Starting at the first line of the entries below, output every line exactly, up to and including the line with "Seamless floral pattern".

[Web page caption snippets]
----

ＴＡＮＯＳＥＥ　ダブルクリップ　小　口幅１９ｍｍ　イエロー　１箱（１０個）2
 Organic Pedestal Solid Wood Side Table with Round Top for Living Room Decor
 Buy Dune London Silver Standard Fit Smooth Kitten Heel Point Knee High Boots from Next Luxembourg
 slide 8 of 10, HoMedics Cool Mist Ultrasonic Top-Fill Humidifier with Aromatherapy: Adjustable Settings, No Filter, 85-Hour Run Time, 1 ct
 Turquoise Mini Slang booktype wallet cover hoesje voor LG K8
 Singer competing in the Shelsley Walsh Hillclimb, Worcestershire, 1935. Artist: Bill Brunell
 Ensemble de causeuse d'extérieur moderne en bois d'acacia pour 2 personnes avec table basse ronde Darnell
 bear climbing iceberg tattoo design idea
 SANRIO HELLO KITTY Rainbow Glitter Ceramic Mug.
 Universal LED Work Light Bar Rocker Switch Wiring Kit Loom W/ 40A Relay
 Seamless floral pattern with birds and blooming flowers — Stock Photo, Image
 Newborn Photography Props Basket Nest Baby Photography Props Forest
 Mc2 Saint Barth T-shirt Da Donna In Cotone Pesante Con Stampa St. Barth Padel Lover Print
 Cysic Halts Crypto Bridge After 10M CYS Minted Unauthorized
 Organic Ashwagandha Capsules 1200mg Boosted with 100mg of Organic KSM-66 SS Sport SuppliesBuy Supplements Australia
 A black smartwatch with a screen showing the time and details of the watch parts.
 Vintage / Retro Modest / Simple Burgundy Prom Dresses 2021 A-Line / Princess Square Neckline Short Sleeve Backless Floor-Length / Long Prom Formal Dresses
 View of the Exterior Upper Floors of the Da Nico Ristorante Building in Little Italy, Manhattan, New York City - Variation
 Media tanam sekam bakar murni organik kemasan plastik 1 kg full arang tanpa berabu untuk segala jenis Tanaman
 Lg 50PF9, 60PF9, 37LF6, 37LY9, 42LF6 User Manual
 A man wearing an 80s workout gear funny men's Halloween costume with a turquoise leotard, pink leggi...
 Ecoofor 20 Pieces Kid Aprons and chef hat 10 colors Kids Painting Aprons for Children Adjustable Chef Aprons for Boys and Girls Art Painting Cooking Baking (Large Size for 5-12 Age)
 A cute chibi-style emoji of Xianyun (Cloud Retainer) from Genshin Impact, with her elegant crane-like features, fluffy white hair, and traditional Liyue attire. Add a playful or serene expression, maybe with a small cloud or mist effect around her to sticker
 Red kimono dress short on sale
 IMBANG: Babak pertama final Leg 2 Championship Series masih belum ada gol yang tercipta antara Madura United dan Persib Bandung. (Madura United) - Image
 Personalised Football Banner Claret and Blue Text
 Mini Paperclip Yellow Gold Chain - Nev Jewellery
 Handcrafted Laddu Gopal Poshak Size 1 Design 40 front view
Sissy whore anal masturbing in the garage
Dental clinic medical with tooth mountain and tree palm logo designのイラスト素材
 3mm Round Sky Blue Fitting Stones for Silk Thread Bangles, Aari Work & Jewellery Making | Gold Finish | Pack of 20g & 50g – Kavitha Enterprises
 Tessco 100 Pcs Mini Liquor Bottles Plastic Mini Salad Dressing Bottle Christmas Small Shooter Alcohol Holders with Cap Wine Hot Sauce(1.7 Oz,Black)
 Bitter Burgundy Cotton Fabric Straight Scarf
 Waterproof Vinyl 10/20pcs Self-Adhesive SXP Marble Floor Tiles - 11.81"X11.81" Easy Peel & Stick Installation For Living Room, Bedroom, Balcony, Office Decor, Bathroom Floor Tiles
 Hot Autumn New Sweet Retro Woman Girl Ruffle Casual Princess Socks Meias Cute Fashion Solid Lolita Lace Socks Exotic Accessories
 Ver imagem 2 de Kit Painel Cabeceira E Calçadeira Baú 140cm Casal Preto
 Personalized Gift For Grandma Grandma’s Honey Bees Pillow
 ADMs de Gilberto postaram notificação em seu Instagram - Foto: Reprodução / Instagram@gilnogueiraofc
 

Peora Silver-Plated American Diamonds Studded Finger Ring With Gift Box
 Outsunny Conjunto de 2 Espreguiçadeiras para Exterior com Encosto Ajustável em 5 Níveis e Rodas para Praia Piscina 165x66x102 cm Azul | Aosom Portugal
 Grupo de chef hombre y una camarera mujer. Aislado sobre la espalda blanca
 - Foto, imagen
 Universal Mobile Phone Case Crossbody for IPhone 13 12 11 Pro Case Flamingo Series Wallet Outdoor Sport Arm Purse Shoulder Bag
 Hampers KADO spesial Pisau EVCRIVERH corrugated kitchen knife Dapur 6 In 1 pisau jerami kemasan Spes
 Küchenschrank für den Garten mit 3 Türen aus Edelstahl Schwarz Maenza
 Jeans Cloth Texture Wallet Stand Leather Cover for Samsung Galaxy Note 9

----

## Reply to the task
ＴＡＮＯＳＥＥ　ダブルクリップ　小　口幅１９ｍｍ　イエロー　１箱（１０個）2
 Organic Pedestal Solid Wood Side Table with Round Top for Living Room Decor
 Buy Dune London Silver Standard Fit Smooth Kitten Heel Point Knee High Boots from Next Luxembourg
 slide 8 of 10, HoMedics Cool Mist Ultrasonic Top-Fill Humidifier with Aromatherapy: Adjustable Settings, No Filter, 85-Hour Run Time, 1 ct
 Turquoise Mini Slang booktype wallet cover hoesje voor LG K8
 Singer competing in the Shelsley Walsh Hillclimb, Worcestershire, 1935. Artist: Bill Brunell
 Ensemble de causeuse d'extérieur moderne en bois d'acacia pour 2 personnes avec table basse ronde Darnell
 bear climbing iceberg tattoo design idea
 SANRIO HELLO KITTY Rainbow Glitter Ceramic Mug.
 Universal LED Work Light Bar Rocker Switch Wiring Kit Loom W/ 40A Relay
 Seamless floral pattern with birds and blooming flowers — Stock Photo, Image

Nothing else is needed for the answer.